As a former Army G2, I am excited by the early returns on efforts to use AI to speed image definition, proces imagery, enable voice and language translation, detect cyber threats, streamline and automate supply chains, and to aid our medical professionals in medical diagnosis.   While much work remains to establish the proper governance, workforce and enterprises to support the expansion of these operations at scale, there is every reason to be optimistic.

It is also apparent that there is greater recognition across the services and in DoD of the necessity for pairing AI pilots with corresponding investments in big data and cloud migration – foundational work that must be done if the promise of AI is to reach its full potential.
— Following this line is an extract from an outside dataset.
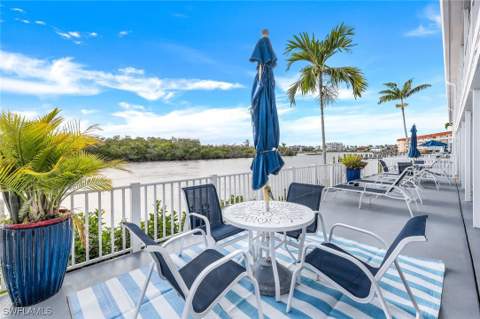 1170 Edington Pl A1, Marco Island FL - photo 20 of 48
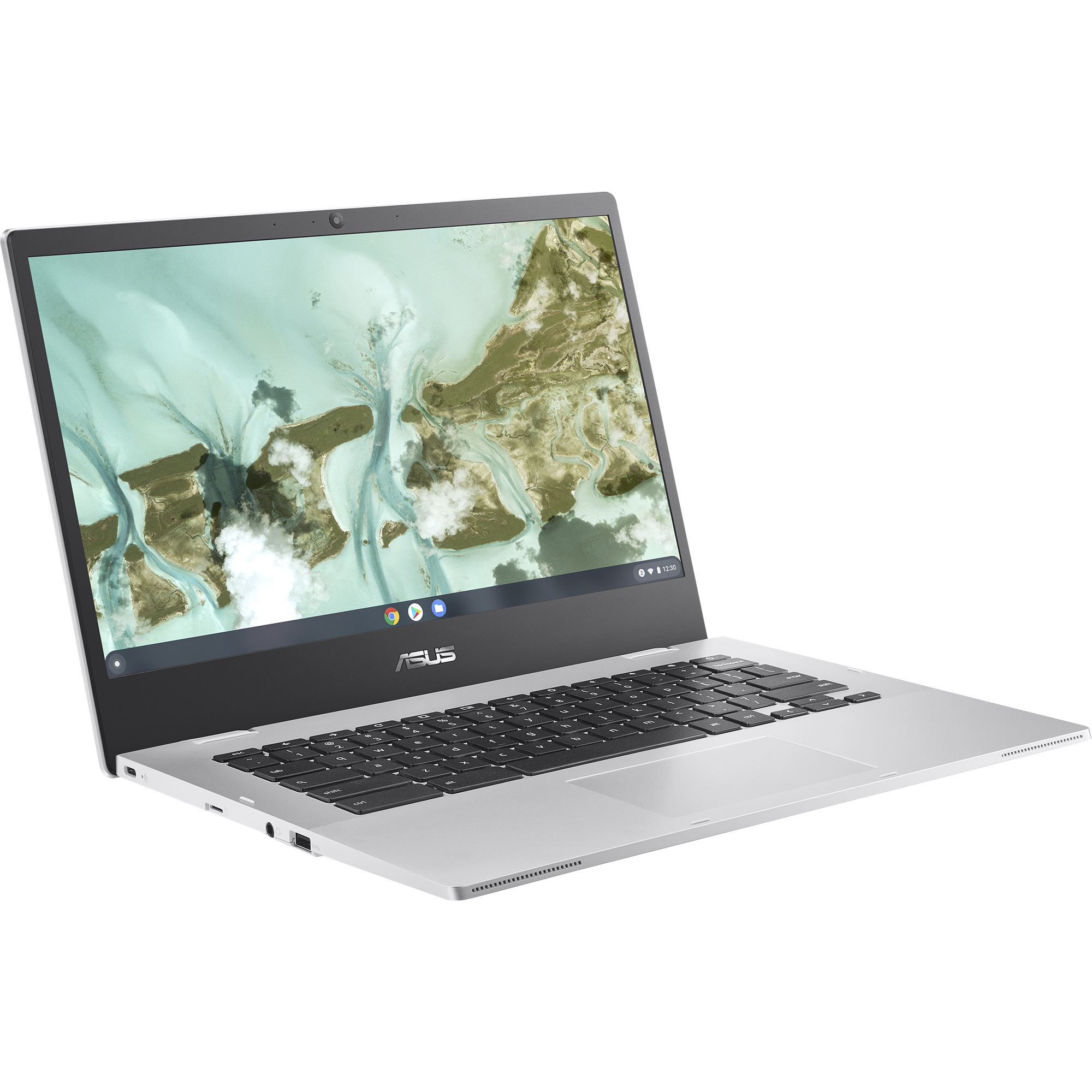 ASUS Chromebook CB1 CB1400CKA-EK0223 Intel® Celeron® N N5100 – image 3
Across DoD, the important work to standardize, normalize, verify, and enrich data, to establish effective governance, standards and analytics, and to plan and prepare for migration to cloud are key steps in the journey to AI-enabled mission environments.

In these efforts, DoD can accelerate the lessons learned by leaning on insights from commercial sectors that have succeeded in modernizing their mission information environments, incorporating leading IT capabilities, practices and technologies to optimize AI applications and to transform the way they work.   DoD can gain much from companies like Accenture who can assist with a digital strategy to help them thoughtfully apply technology and best practice to optimize their data for mission success.

Editors: What trends do you think will impact the battlespace in the future?

Legere: Looking to the future, I believe technology, and in particular advances in AI, autonomous systems, the Internet of Things, quantum computing, and directed energy weapons will have the most profound effect on battlespace and will challenge our way of war.

Today, as in eras past, when confronted with advances in evolving tactics, doctrine and weapons, the United States and its armed forces will have to respond with transformational leaps in warfighting capabilities, modernizing, and refitting our forces with the capabilities required to gain and maintain the operational and strategic advantage in multi-domain environment.

Of greatest interest and uncertainly is how the increasingly contested cyber, space and the information domains will play out, how it will extend the battlespace, and what technology and operational concepts will emerge to allow commanders to gain and maintain strategic and operational advantage over our adversaries.

With our reliance on space and information systems, it is clear we must continue to build our cyber capabilities – both to protect our freedom of maneuver in cyber space, while restricting that of our adversaries.